The following setup allow a very good control of the sample in the microfluidic chip and is capable to stop the flow instantaneously but it is also possible to use two simpler setups with 3/2 valves using this application note.

Please note that in order to ensure a good zero flow performance, the sample solution has to be miscible and must have the same density as the buffer medium that fills the microfluidic system.

Applications

Results of a wide variety of applications can be improved by achieving stop flow in a microfluidic chip, from cell migration study due to chemotaxis (Yang et al., 2015) and precisely measure the performance of a microfluidic fuel cell (Cuevas-Muñiz et al. 2012) to long-term cell culture and detection (Sang et al. 2015).

This feature is also key in microscope-based projection photolithography and the formation of non-spherical particles (Dendukuri et al. 2007). Controlling perfectly how to stop the flow enables to decrease the number of imperfections on polymeric microparticles formed in situ and the automation increases the rate of formation. The advantage of the set-up including the MUX Cross Chip is mostly to work at very low volumes which is an interesting feature when one needs to reduce the mixing times, study reaction kinetics or minimize the volume in IR spectroscopy.

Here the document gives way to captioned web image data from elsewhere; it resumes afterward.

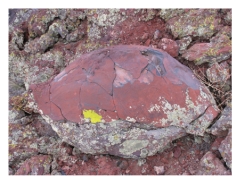 <strong>What type of basaltic feature is shown in this photograph? </strong> A)vesicles B)volcanic bomb C)aa lava flow D)pahoehoe lava flow E)pyroclastic flow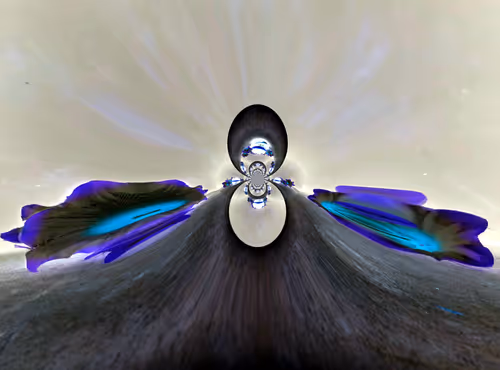 Item #67457553150443021914092587022250176347061355639032054621716076064120258953217 Media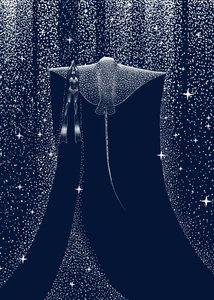 Le compagnon de Starlit Ray - Alirıza ÇAKIR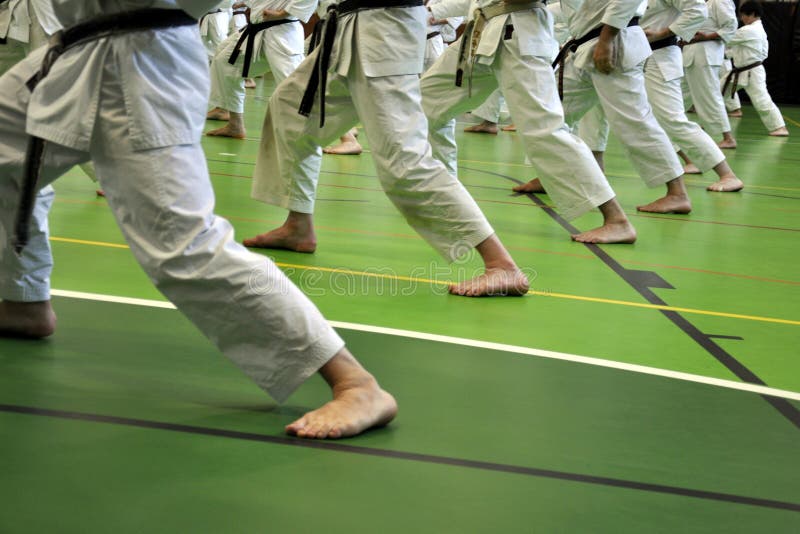 Karateposition stockbild Karateposition stockbild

The MUX Cross Chip setup for stop flow

Principle

The MUX Cross Chip is a matrix of microfluidic valves that can be used for multiple applications, including stop flow but also phase injection sequences, flow focusing, etc.
Setting the pressure applied by the OB1 pressure controller at 0 mbar is not sufficient to totally stop instantaneously the flow as the pressure can take some time to stabilize, thus creating some residual flow at first.
A setup using a MUX Cross Chip has been developed to balance the pressure between the inlet and the outlet of the microfluidic chip, by applying the pressure from the OB1 flow controller. A syringe is used to perform a low volume injection experiment where the sample can be perfectly injected and controlled inside the chip. For example, it is possible to flow the sample both ways in the chip by applying successive positive and negative flows.

The sample is injected into the microfluidic chip using a syringe and a T-junction.

Be sure that all the cables and tubing are well connected to the Elveflow devices (USB cable, 24V DC, etc).

Perform leakage tests and remove any air bubble before starting the experiment to ensure a good flow regulation. This step is extremely important since air bubbles can contract or expand depending on the pressure applied, preventing the stop flow experiment to be instantaneous.

The MUX Cross Chip is a matrix of 4 x 4 valves. Connect any of the 4 inputs with any of the 4 outputs and open/close the valves using the software.

List of components

Flow controller OB1

MUX Cross Chip

Flow sensor

Fluidic 268 chip from microfluidic ChipShop

T-junction connector, tubing, fittings and reservoirs

A syringe

Stop flow setup diagram

Elveflow quick start guide

MAY THE FLOW BE WITH YOU

1. Connect your OB1 pressure controller to an external pressure supply using pneumatic tubing, and to a computer using USB cable. For detailed instructions on OB1 pressure controller setup, please read the OB1 user guide.
2. Plug the microfluidic reservoir to the OB1 pressure controller outlet. The Elveflow reservoirs connection instructions are covered by a specific guide (see Elveflow microfluidic reservoirs assembly instructions).
3. For the feedback loop, connect a flow sensor to the OB1 with a wire. Then, connect it with tubes between the microfluidic reservoirs and the chip.
4. Turn on the OB1 by pressing the power switch.
5. Launch the Elveflow software. The Elveflow Smart Interface’s main features and options are covered in the Smart Interface guide. Please refer to those guides for a detailed description.
6. Press Add instrument \ choose OB1 \ set as MK3+, set pressure channels if needed, give a name to the instrument and press OK to save changes. The OB1 flow controller should now be in the list of recognized devices.
7. OB1 calibration is required for the first use. Please refer to the OB1 user guide.
8. Add flow sensor: press Add sensor \ select flow sensor \ analog or digital \ max flow rate for the sensor, give a name for the sensor, select to which device and channel the sensor is connected and press OK to save the changes. The connected flow sensor should be in the list of recognized devices. For details refer to Microfluidic flow sensor user guide.
9. Add MUX Cross Chip: press Add instrument \ select MUX Cross Chip and give a name to the instrument.
10. Use the supplied 1/16” OD tubing to connect microfluidic reservoirs with the chip. Your MUX Cross Chip should be in the list of recognized devices.
11. Open the OB1 and the MUX Cross Chip windows.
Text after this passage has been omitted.